巻き毛の下にあらわれたのは細い首と薄い体だ。目にかかる前髪をかきあげもせず「何を探しているんだ?」という。
流れるような口調はまぎれもなく昨日の男だった。カリーの店の――ソール。
審判の塔の扉は御影石の段を上った先だった。切り出したままの岩が長い年月で黒ずみ、中央の、人々が踏んだ部分だけが磨かれたように光っている。
中に入るとクルトと同じ年頃の若者が書類を抱えて奥の廊下を行き来していた。絞った袖の上着をみたところ、書記にちがいない。
受付らしい高いカウンターで灰色の上着を着た男と大柄な騎士が向かいあって話している。クルトが用向きを伝えると、灰色の方が「どの師についている?」と聞く。
「アダマール師です。ここに来たのはヴェイユ師の講義で…」
「ああ、わかった」
手続きは事務的で簡潔だった。クルトが帳面に名前を記入すると灰色の男は「書庫はつきあたりだ。階段を降りなさい」と回廊の先を指さす。

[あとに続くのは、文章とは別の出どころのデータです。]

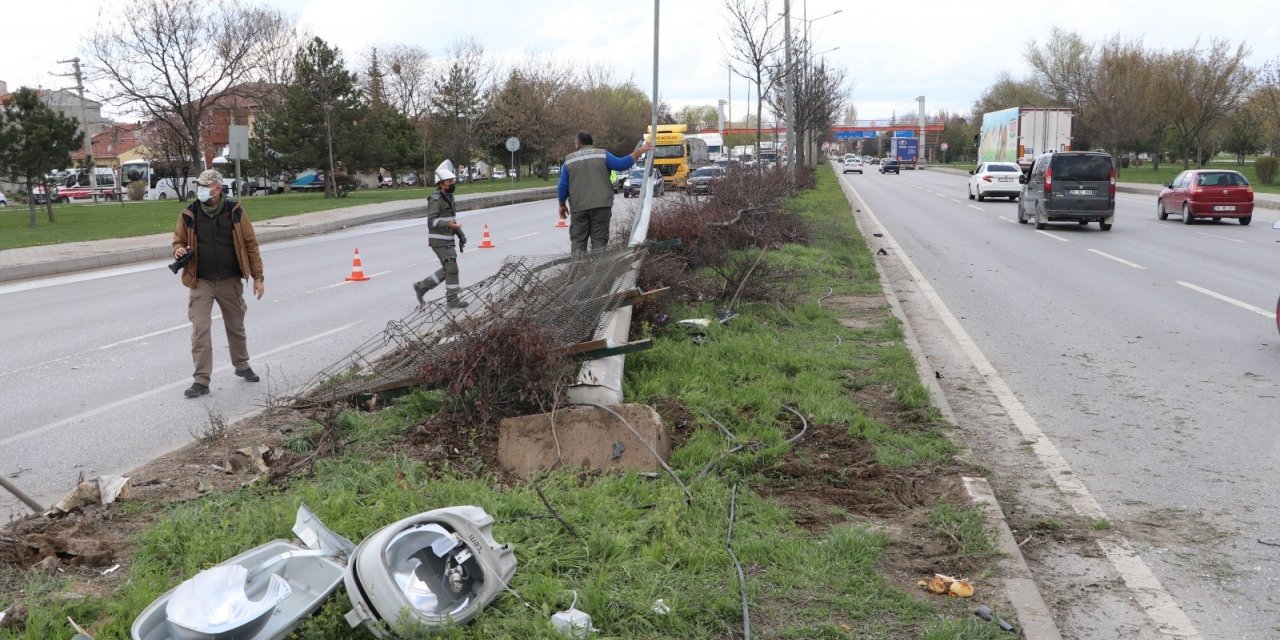 Çevre yolunda 4 aracın karıştığı kazada 2 kişi yaralandı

「魔術関係の事件はたいてい三層目にある。持ち出しは禁止。すべて写すか記憶すること。閲覧禁止の区画に立ち入るのも厳禁だ。もし中で問題が起きた場合は隠さずにいいなさい。破損や紛失が判明したら学院へ連絡する」
審判の塔は王城でも独立した場所として扱われている。騎士団の警備隊が取り締まる犯罪や個人のあいだの訴訟、最終的に王の決裁を仰ぐ重大な事件も、この塔で調査され、審議され、記録される。そして地下の書庫に保管されるのだ。
頭ではわかっていたが、一歩中に入ったとたん、クルトはその規模に圧倒された。
それはどこまで続くともしれない、梯子と階段と書架の迷路だった。明るく照らされた三層構造で、数カ所に吹き抜けが切られている。
壁は幾何学図形で区分けされ、書類でびっしり埋められていた。吹き抜けから下層をのぞくとまるで崖か、縦穴のようだ。
人影は見えなかったが、閉ざされた空間だけあって魔力の気配は明瞭に感じられ、無人ではなかった。そこかしこで案内板や索引が目にとまるが、学院の図書室のように司書がいるわけでもない。番号が振られた棚にインデックスが付された書類の綴りが並び、クルトによそよそしい顔を見せている。
すぐにここが今の自分には手に負えない場所だとクルトは理解した。これまで自分が学院で勉強してきた精霊魔術の実地技術や、王国行政についての討論とはまったく異なる世界だ。
ようやく、ヴェイユの講義を受けるとアダマールに伝えたとき、警告された意味がわかった。
クルトが学院初年から師事してきたアダマールはもう老年に達する精霊魔術師で、魔術師としての能力は衰えかけていたが、王族も教えてきた老獪な教師である。
「かまわんが、手こずるぞ」とアダマールはいったのだった。
「ヴェイユは理論家としても精霊魔術師としても一級だが、若いからといって手加減はしてくれん。加えて魔力で強引に押し切れるような内容でもない。……まあ、うぬぼれがちなそなたにはちょうどいいともいえるが。しかし最終学年で彼の講義を落としでもしたら、そなたの野心は最初からつまづくことになる。覚悟をきめてかかれ」
「もちろん、わかっています」
と、クルトはそのとき殊勝に答えたのだが、やや見込みが甘かったかもしれない。手助けになりそうな級友を誘えばよかった、という思いがちらつく。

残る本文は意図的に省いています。